_The problem_: In the entries below, find the line with "Eastern European vs" and print exactly every line from there up to and including the line with "La pensión media", with no other lines.

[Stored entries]

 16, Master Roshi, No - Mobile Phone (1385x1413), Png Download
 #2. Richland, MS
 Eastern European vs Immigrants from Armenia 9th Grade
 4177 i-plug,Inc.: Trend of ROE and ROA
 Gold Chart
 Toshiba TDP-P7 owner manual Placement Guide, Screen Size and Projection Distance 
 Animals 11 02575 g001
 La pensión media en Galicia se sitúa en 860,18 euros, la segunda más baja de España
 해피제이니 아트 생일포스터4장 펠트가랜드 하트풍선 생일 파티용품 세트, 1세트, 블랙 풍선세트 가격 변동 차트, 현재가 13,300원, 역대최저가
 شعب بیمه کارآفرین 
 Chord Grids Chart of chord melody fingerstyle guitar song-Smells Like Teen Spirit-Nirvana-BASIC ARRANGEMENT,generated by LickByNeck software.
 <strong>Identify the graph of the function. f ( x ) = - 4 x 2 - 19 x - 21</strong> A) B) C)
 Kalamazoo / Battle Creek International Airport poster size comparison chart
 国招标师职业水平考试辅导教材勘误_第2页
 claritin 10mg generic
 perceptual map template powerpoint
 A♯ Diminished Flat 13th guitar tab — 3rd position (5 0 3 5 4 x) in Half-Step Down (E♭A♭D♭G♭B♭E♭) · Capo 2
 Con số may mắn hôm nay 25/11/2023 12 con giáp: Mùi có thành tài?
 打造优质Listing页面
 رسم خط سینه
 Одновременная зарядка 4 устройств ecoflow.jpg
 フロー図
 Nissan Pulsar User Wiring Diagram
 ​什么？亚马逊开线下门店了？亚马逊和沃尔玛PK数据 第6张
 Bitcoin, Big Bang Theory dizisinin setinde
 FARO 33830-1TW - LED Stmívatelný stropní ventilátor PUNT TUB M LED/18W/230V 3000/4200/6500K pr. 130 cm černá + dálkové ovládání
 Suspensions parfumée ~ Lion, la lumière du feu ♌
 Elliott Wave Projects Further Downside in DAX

_Result below_:
 Eastern European vs Immigrants from Armenia 9th Grade
 4177 i-plug,Inc.: Trend of ROE and ROA
 Gold Chart
 Toshiba TDP-P7 owner manual Placement Guide, Screen Size and Projection Distance 
 Animals 11 02575 g001
 La pensión media en Galicia se sitúa en 860,18 euros, la segunda más baja de España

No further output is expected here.